Trace Log to Sequence Diagram Conversion

Browsing through the code traces is an exercise in frustration. Applications produce huge logs that take hours to analyze. The Python scripts presented here let you visualize the traces as sequence diagrams. Interactions between objects are presented visually.

The traces to be included in the visualization are selected by specifying the regular expressions.

Step 1: Sample Trace to Sequence Diagram Conversion

Let’s get started by converting a sample trace into a sequence diagram. We start with downloading a few tools:

  1. Download and install a free 45 day trial of EventStudio System Designer.
  2. Download and install the latest version of Python 3.X
  3. Download and extract the latest release of the trace to sequence diagram Python scripts

  4. Open a command line prompt in the directory where the Python scripts were unzipped.
  5. Navigate to the directory where to the Python scripts for this project were downloaded.
  6. Convert an included sample trace file into a sequence diagram by typing the following on the command prompt:
     trace2sequence.py -i sample_trace.txt  
    
  7. Click on the following generated diagrams:
    • sequence-diagram.pdf - A sequence diagram showing object level interactions
    • context-diagram.pdf - A context diagram of the object interactions.
    • xml-export.xml - XML representation of the object interactions. Use this XML output to develop your custom tools.

Step 2: Customize Regular Expressions to Map Traces to FDL

By now you would have seen a sequence diagram generated from the sample trace output. If you can modify your traces to match the trace output in sample_trace.txt you can skip this step.

In most cases however, there will be changes needed in config.py to map your trace format to the FDL input needed by EventStudio.

The config.py file lets you configure the trace to sequence diagram (FDL) mapping for:

We will be mapping traces to FDL statements to generate the sequence diagrams. The mapping will also require a basic understanding of regular expressions. Let’s visit these topics before we go any further.

Learning FDL - The Sequence Diagram Markup Language

The FDL (Feature Description Language) will be used to generate sequence diagrams. For a quick overview of FDL, refer to the EventStudio User Manual.

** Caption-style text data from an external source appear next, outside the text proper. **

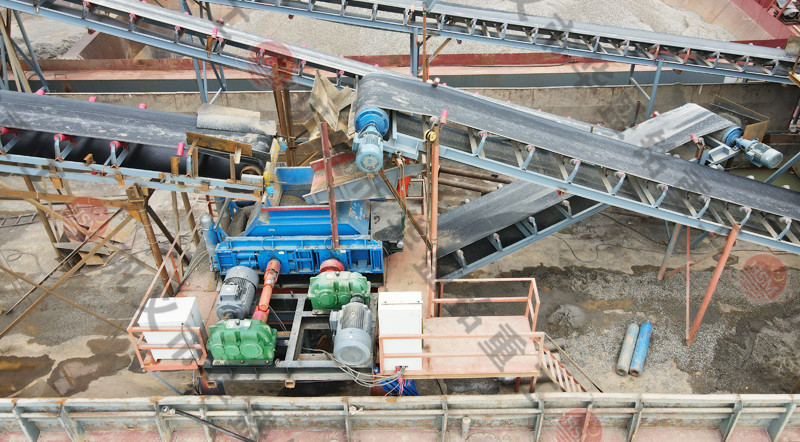 全自動液壓對輥制砂機現場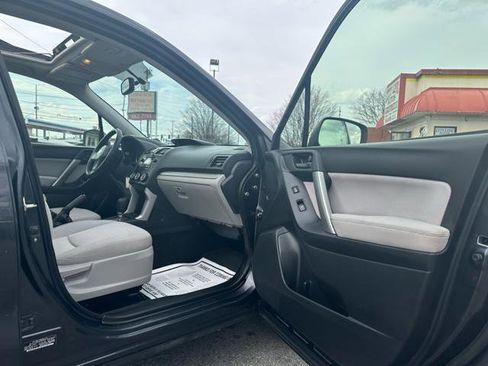 Used 2015 Subaru Forester 2.5i Premium w/ All-Weather Package image 19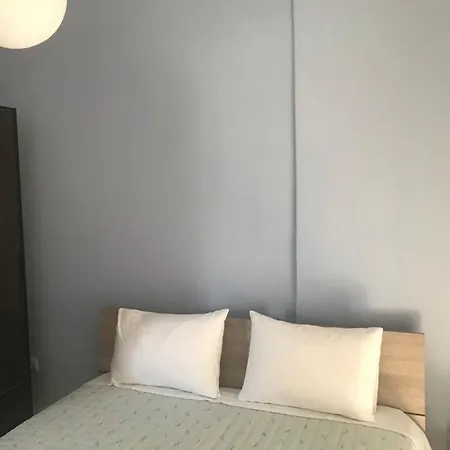 Minimal Aesthetic Fourka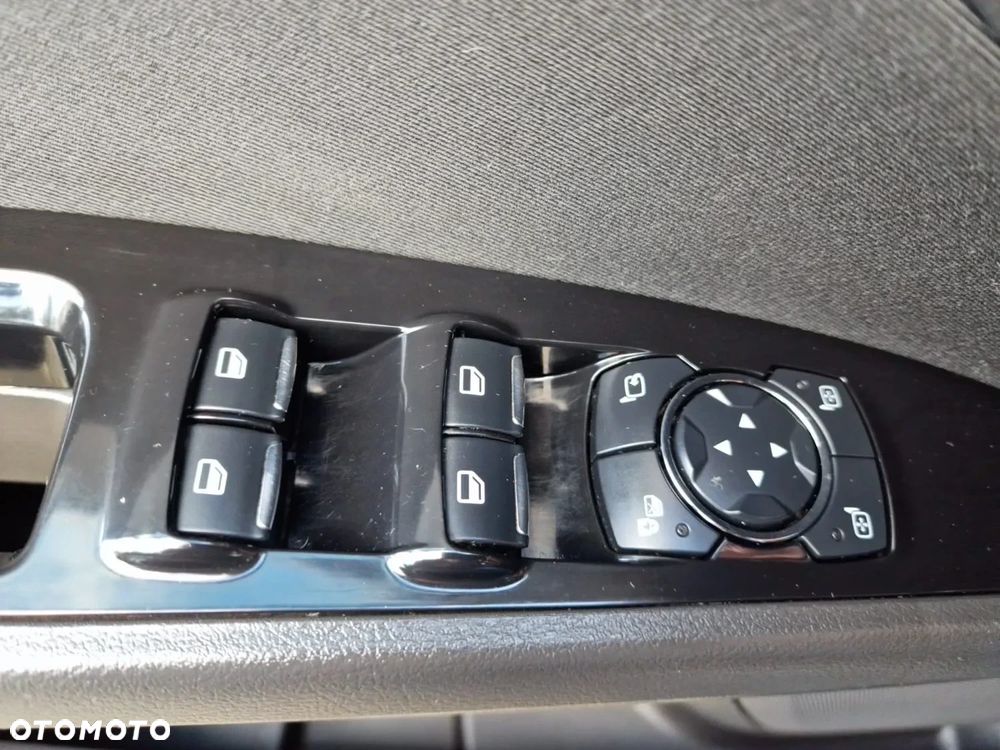 Ford Mondeo 2.0 TDCi Titanium - 29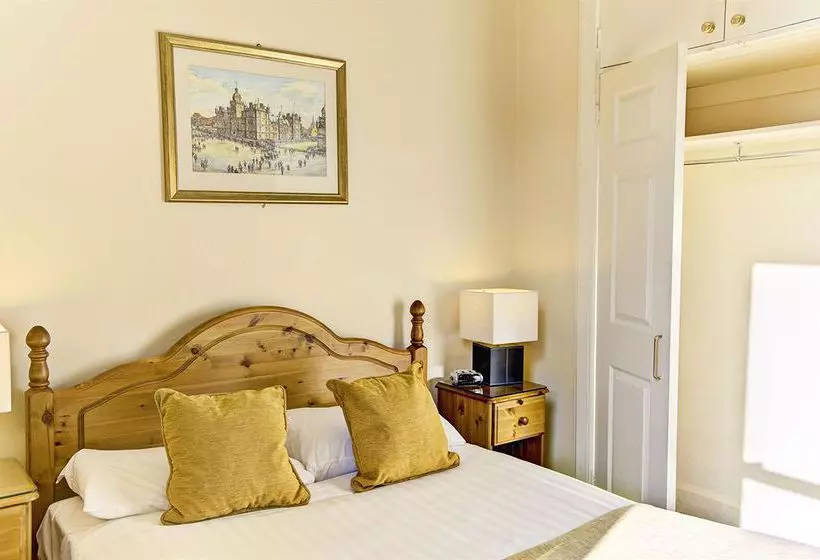 Fountain Court Morrison Apartments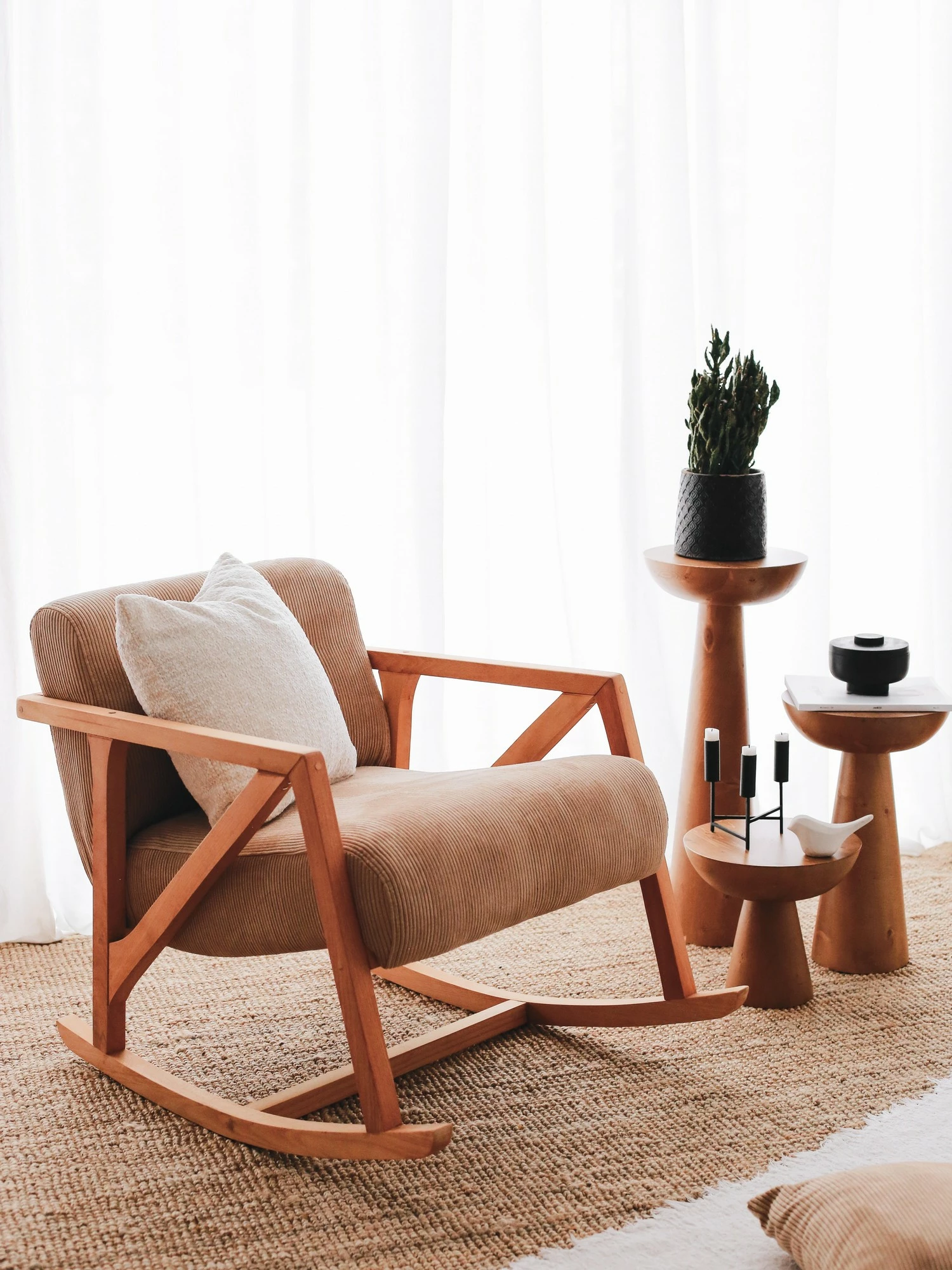 Karrige sallanan Wing, Atelier del Sofa, Nini, ngjyrë camel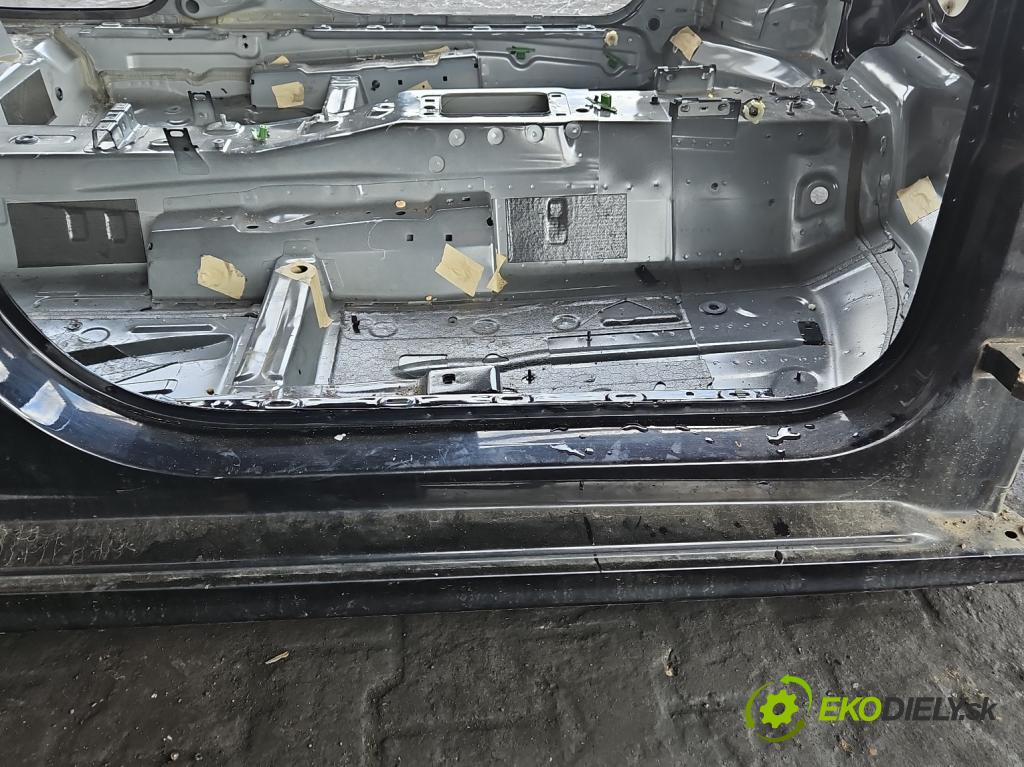 Vw Jetta VI 2010-2018 1.4 TSI 122 HP automatic 90 kW 1390 cm3 4- Práh: pravý  (Karoséria ostatné)
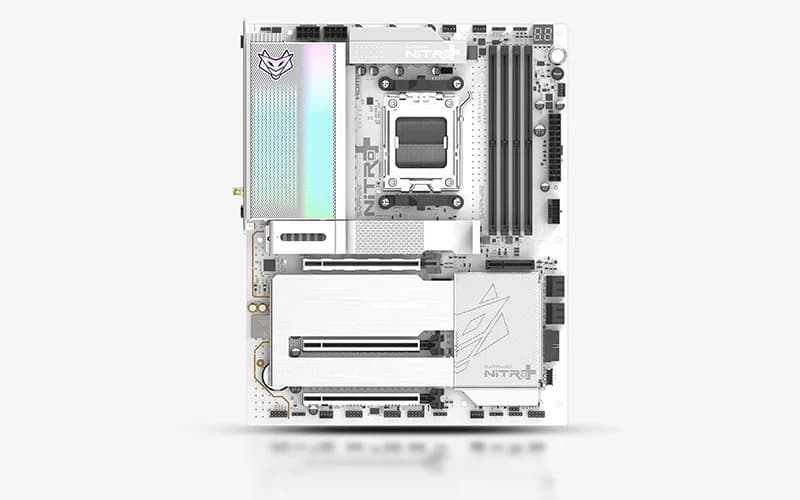 SAPPHIRE NITRO+ X870EA PHANTOM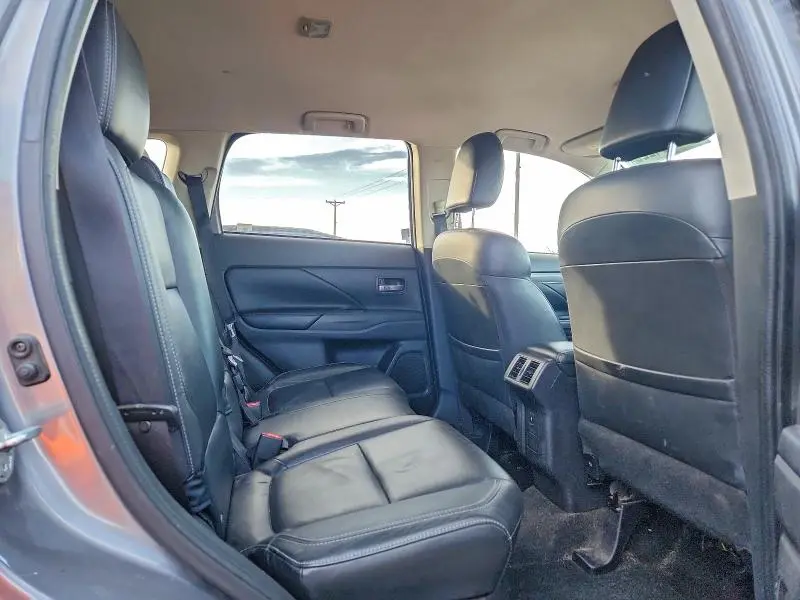 2019 MITSUBISHI OUTLANDER SE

Python Regular Expressions

Templates and Regular Expressions

Trace Template

We start with defining a regular expression that extracts information from the trace format. A regular expression that extracts trace information from sample_trace.txt is shown below:

# The trace messages follow this high level format. The current regular expression
# assumes that all traces are of the format:
#
# [time][generator][file]type body
#
# time          The trace begins with time information in square brackets
#
# generator     Entity generating the trace message. This may be a generic entity
#               name. For C++ methods use the calling objects class name. 
#               For a C function use the function name.
#
# file          The next square bracket contains filename, line number information.
#
# type          Defines the type of a trace. The type here is used to determine the
#               mapping to an FDL statement. Refer to the traceMapper dictionary.
#               traceMapper maps the type to the trace handler that will parse the
#               trace body and extract information for generating an FDL statement.
#
# body          This is the text following the type statement. Parsing of this text
#               depends upon the type of the trace. This file contains the regular
#               expression definitions for parsing of the body for different
#               trace types.

traceRegex = r'\[(?P<time>.*)\]\s*\[(?P<generator>.*)\]\[(?P<file>.*)\]\s*(?P<type>\S+)\s+(?P<body>.*)'

Statement Templates

If you browse customize.py, you will see that the trace extraction regular expressions and the FDL statement generation templates are defined to next to each other. You would rarely need to change the FDL generation templates.

Refer to the example below. invokeRegex regular expression extracts named fields, called, method and params. These fields along with the caller are used in the FDL template.

# Regular expression for parsing the function/method entry trace body
invokeMethodRegex = r'(?P<called>\w+)(\.|::)(?P<method>\w+)\s*(\((?P<params>\w+)\))?'

# FDL mapping template for function/method entry
invokeTemplate = '{caller} invokes {called}.{method}{params}'

Optional Step 3: High Level Object Grouping and Bookmarks

Generated sequence diagrams can get complex in two ways:

  1. Diagrams are long and extend into several pages
  2. Too many interactive objects are present on a sequence diagram

Bookmarks

The first problem can be addressed by using bookmarks. Once you define bookmarks you will be able to navigate quickly to different parts of the sequence diagram. We recommend adding your important messages into the bookmark list. An example is shown below:

# Add messages that need to be bookmarked in the PDF file. This is useful
# as it lets to quickly navigate through the sequence diagram output of
# a trace. PDF quick navigation bookmarks will be added whenever the messages
# listed below are seen in the trace message.
bookmarks = frozenset({
	'RandomAccessMessage',
	'RRCConnectionSetupComplete',
	'InitialUEMessage',
	'ReleaseConnection'
	})

Specify Object Groupings

The second issue highlighted above may be addressed by grouping objects. You can optionally specify the parents for objects in the customize.py file. EventStudio can use this information to generate a high level sequence diagram (Component Level Interaction Diagram).

An example of object grouping is shown in an excerpt from a sample customize.py :

# EventStudio can generate a high level sequence diagram that can abstract
# out a set of classes as a high level entity. This abstraction is useful in 
# understanding the trace output at a higher level of abstraction.
#
# List the interacting entities along with their parent. For example, the 
# tuples below indicate that DSP_01 and DSP_23 belong to the same high level
#  PHY entity. This means EventStudio will generate trace output at two levels:
#
# - A sequence diagram where DSP_01 and DSP_23 show up as separate axis.
# - A high level sequence diagram where PHY axis abstracts out the interactions
#   involving DSP_01 and DSP_23
#
# Just include the parent information for external actors in the system. Object 
# parents for internal actors are extracted from the trace contents.
objectParents = OrderedDict([
	# Tuples of object and its parent
	# (entity, parent)
	('DSP_01','PHY'),
	('DSP_23','PHY'),
	('CoreNetwork', 'EPC'),
])